BEGIN
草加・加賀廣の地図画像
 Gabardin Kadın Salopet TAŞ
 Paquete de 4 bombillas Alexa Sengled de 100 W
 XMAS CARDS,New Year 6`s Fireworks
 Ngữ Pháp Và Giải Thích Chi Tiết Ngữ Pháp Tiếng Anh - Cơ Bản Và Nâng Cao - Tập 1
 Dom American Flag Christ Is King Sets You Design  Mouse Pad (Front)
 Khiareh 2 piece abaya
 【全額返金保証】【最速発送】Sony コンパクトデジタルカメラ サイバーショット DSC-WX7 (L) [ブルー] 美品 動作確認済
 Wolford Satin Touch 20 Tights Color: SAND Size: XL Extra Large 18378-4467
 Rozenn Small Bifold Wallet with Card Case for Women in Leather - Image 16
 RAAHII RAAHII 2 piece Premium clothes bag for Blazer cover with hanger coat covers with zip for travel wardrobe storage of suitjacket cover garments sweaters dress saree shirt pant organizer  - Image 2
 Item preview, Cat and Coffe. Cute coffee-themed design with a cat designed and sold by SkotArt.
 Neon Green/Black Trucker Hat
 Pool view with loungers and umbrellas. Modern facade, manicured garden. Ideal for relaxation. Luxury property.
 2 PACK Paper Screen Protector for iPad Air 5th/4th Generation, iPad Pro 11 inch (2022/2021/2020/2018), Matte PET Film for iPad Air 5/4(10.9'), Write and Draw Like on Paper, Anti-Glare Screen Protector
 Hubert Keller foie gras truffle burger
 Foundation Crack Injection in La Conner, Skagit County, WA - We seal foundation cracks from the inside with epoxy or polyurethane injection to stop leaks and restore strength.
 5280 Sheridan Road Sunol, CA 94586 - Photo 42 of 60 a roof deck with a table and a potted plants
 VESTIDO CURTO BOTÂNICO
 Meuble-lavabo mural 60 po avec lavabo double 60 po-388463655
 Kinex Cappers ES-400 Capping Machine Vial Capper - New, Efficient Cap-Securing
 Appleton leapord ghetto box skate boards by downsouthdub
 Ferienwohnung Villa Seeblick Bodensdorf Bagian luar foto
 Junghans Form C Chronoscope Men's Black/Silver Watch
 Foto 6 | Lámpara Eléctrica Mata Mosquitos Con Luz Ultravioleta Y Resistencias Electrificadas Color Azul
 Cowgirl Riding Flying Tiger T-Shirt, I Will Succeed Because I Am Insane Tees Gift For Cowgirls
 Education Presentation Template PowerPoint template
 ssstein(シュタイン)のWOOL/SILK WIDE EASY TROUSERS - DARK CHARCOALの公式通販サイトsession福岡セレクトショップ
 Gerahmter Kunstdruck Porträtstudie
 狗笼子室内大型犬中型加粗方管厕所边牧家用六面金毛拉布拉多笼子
END
__What needs to be done__. In the entries above, find each line with the string "Image" and copy it.

__The completed task__.
 Rozenn Small Bifold Wallet with Card Case for Women in Leather - Image 16
 RAAHII RAAHII 2 piece Premium clothes bag for Blazer cover with hanger coat covers with zip for travel wardrobe storage of suitjacket cover garments sweaters dress saree shirt pant organizer  - Image 2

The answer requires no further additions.